Ia berharap, capaian baik berkaitan dengan keberlanjutan yang diperoleh perusahaannya, dapat dicontoh oleh perusahaan pengebun lainnya. Sebab, kata dia, berkebun bukan saja memikirkan hasil untuk diri sendiri, namun juga untuk masa depan, khususnya untuk lingkungan di sekitar.
Sutedjo mengungkapkan, perusahaannya memilki peta jalan kenetralan karbon yang digelar dan dijalankan sejak tiga tahun terakhir. Peta jalan tersebut didorong melalui Desa Makmur Peduli Api. PT TAP Group memberikan penghargaan bagi desa-desa hingga pemangku kepentingan untuk tidak membakar hutan.

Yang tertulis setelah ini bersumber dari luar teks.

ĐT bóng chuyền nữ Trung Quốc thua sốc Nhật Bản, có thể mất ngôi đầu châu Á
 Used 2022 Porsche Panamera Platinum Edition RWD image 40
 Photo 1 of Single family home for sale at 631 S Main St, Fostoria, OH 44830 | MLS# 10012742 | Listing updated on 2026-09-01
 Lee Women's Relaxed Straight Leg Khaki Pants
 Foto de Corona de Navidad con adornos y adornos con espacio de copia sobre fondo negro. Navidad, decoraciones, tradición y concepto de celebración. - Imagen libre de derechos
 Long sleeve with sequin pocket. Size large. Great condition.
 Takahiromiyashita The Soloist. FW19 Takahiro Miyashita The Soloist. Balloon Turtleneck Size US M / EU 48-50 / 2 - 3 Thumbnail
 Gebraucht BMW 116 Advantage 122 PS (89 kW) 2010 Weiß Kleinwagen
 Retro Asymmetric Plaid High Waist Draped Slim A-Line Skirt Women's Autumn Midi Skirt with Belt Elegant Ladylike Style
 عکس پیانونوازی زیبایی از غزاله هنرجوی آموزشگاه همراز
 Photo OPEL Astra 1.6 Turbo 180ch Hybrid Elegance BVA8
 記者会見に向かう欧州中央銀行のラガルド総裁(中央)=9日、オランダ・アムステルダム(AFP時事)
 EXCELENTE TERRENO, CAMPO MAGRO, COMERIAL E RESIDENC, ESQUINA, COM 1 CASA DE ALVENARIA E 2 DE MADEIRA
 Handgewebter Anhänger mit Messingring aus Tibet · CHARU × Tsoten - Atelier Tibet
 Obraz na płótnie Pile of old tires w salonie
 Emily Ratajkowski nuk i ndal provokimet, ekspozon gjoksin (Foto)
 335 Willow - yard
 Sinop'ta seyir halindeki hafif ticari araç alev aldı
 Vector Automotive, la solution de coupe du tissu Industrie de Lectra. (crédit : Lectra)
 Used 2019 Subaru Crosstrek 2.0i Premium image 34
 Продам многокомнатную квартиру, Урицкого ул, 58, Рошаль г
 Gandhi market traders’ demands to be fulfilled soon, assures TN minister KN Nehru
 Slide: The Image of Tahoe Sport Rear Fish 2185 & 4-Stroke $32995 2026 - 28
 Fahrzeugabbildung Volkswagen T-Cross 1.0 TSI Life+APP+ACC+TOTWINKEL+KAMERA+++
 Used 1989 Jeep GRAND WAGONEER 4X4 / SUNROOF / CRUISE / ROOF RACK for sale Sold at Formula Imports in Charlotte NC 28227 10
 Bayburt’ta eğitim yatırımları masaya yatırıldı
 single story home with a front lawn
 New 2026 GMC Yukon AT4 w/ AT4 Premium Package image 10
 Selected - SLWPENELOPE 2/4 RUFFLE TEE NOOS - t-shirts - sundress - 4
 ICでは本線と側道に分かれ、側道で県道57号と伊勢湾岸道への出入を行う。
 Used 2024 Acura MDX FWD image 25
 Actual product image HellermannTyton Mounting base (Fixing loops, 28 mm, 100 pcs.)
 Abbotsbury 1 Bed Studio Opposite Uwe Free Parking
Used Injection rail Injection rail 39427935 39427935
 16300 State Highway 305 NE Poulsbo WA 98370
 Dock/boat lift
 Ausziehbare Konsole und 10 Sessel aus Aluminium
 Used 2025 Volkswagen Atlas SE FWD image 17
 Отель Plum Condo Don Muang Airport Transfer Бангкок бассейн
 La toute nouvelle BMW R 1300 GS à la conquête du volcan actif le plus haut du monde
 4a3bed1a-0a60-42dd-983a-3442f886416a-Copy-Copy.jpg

"Kita juga memberikan kompensasi untuk perkembangan perekonomian di sekitar lahan perusahaan," kata dia.
Selain itu, lanjutnya, TAP Group juga menggunakan alternatif-alternatif energi yang dikembangkan mulai dari biomassa dan biogas. Saat ini, TAP Group sedang merancang Biomethane Compressed Natural Gas (Bio-CNG) sebagai pengganti energi fosil. Ini adalah gas metan yang diubah menjadi liquid gas.
"Ini adalah alternatif-alternatif yang kami coba dorong untuk menurunkan atau memitigasi terhadap emisi gas rumah kaca," tegasnya.
Sementara itu, President Director, PT Austindo Nusantara Jaya Tbk, Lucas Kurniawan mengatakan, dalam mendukung keberlanjutan usaha, dasar paling penting adalah mengupayakan agar perusahaannya memperoleh sertifikasi dari badan-badan yang diakui. Ia bersyukur, pada 2021 seluruh pabrik kelapa sawit milik ANJ sudah mendapatkan sertifikasi.
"Terakhir pabrik kelapa sawit kita di Papua Barat," kata Lucas.
Menurutnya, sertifikasi sangat penting, bukan hanya mengundang kepercayaan bagi pembeli minyak sawit ANJ, tetapi juga memberikan panduan bagi perusahaan mengenai kerangka kerja yang harus diperhatikan di dalam menjalankan praktik-praktik berkelanjutan.
"Kemudian dari sertifikasi itu, kita juga menyusun dan mengomunikasikan kerangka kerja keberlanjutan kita," ujarnya.